Video: introducing Triton CNS
Triton Container Name Service (CNS) is our automated DNS solution for containers and VMs on Triton. Triton CNS serves address records for containers by instance name and by tag. Triton CNS eliminates the frustration of having to update DNS records when you add or remove instances. Using CNS service names, you can get a consistent DNS name for all the instances of a service, even as you scale them up or down or replace them.
Watch our introduction to Triton CNS to learn how easy it is to get started.
Triton CNS is ideal for making applications discoverable on the internet. Get started by adding Triton CNS to your containers with the help of our documentation.
Video transcript
Welcome to this introduction to Triton CNS.
Triton Container Name Service, was designed to do two things:
- Serve address records for instances by instance name
- And serve address records for instances grouped by the CNS service name.
The latter means that multiple instances can share the same DNS name, despite having different IP addresses.
DNS provides a way to assign one or more human friendly names to a long string of numbers, or the IP address, in order to access an instance. DNS names can have more than one IP address assigned to them.
If you've previously managed the process of mapping DNS names to IP addresses, you know what a hassle it can be. With each instance, you have to map your DNS name to the instance IP address. As you scale up the number of instances to meet incoming traffic, you have to go back and map new IPs.
When traffic is exploding because your application has the latest viral image that will "break the internet," you don't want it to actually break the internet. If anything, it will never be more important to be able to scale quickly than in that moment.

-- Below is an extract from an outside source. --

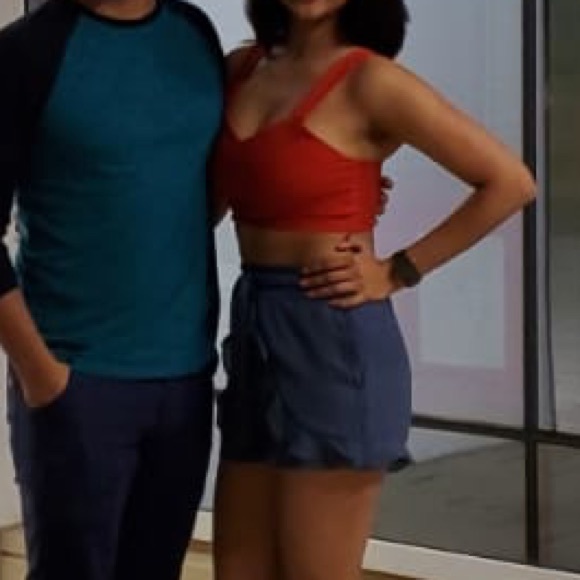 Red hot crop top - Picture 2 of 3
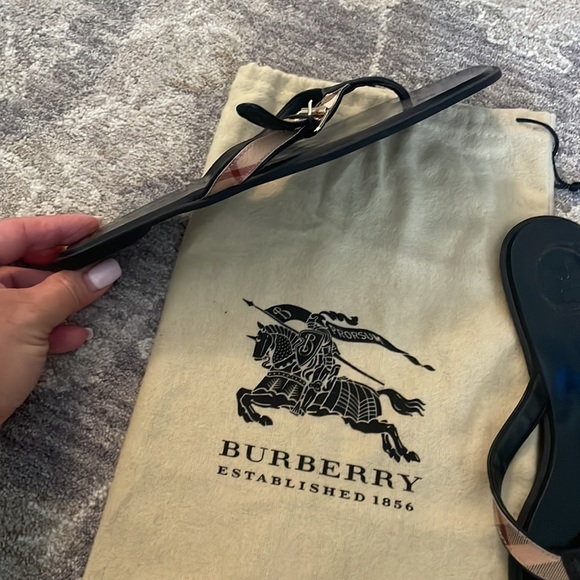 Burberry flip flops only worn once!! Authentic. Like new!! - Picture 2 of 4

When you scale back down after people have moved on, you need to remember which IPs were associated with which instance and remove only the IP addresses of the instances that no longer exist.
For applications built with immutable and disposable infrastructure, each new deploy can change the IP numbers for the running application. Wouldn't it be convenient if there was a way to automatically update DNS for any IP address change?
Triton CNS knows when containers are running. DNS names are automatically updated as containers start and stop so that requests are only sent to running containers.
No matter how many instances exist, when tagged with the same CNS service name, they will be served under the same DNS name.When activated for an account, running instances in Joyent's Triton Cloud with public network interfaces will be automatically assigned DNS names using these FQDN patterns, starting with the instance name or the CNS service name.
All of the DNS names for an instance can be found in the instance details in CloudAPI, easily accessed using the triton instance get
command.
Triton Container Name Service is ideal for making applications discoverable on the internet.
With Triton CNS, you can set it and forget it—no longer do you have to stress about updates to your containers taking down web accessibility.
Your applications will be ready for prime time.